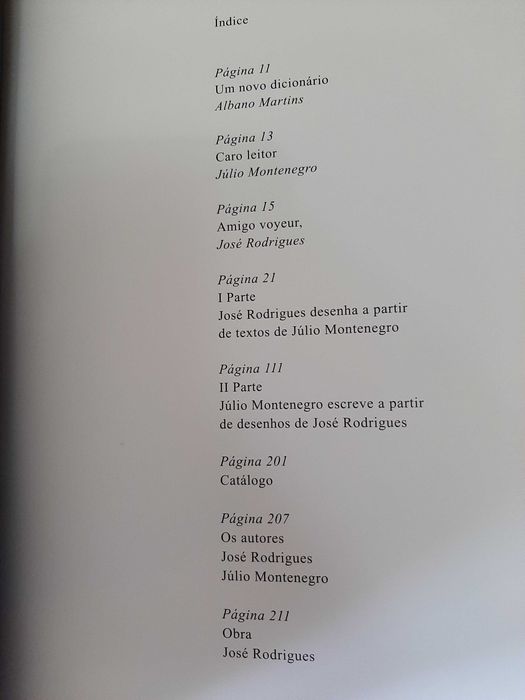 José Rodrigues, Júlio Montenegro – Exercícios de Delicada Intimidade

* * *

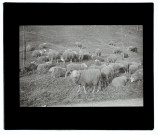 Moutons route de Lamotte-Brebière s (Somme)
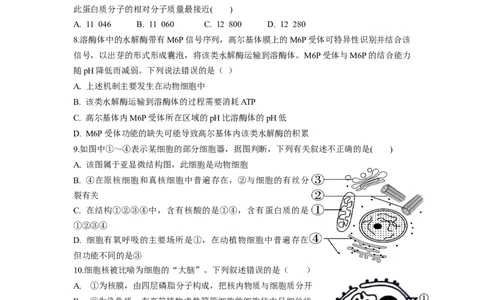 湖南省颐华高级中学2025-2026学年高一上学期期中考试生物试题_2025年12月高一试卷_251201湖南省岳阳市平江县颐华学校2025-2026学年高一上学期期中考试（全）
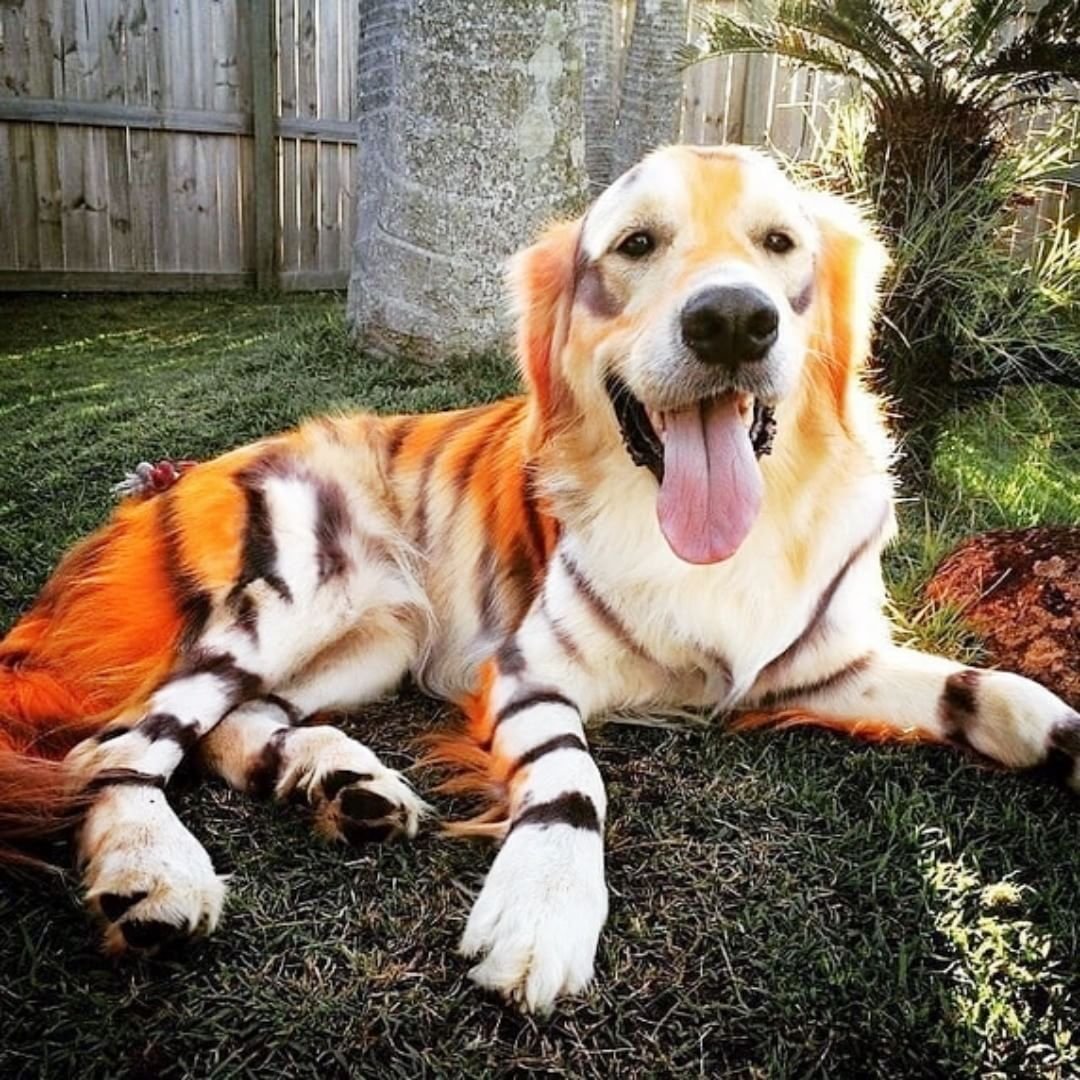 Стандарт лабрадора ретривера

**TASK DESCRIPTION**
Return only the part above that opens with the line containing "Moutons route de Lamotte-Brebière s (Somme)" and closes with the line containing "Стандарт лабрадора ретривера", exactly and with both ends, skipping the pictures.

**WRITTEN ANSWER**
 Moutons route de Lamotte-Brebière s (Somme)
 湖南省颐华高级中学2025-2026学年高一上学期期中考试生物试题_2025年12月高一试卷_251201湖南省岳阳市平江县颐华学校2025-2026学年高一上学期期中考试（全）
 Стандарт лабрадора ретривера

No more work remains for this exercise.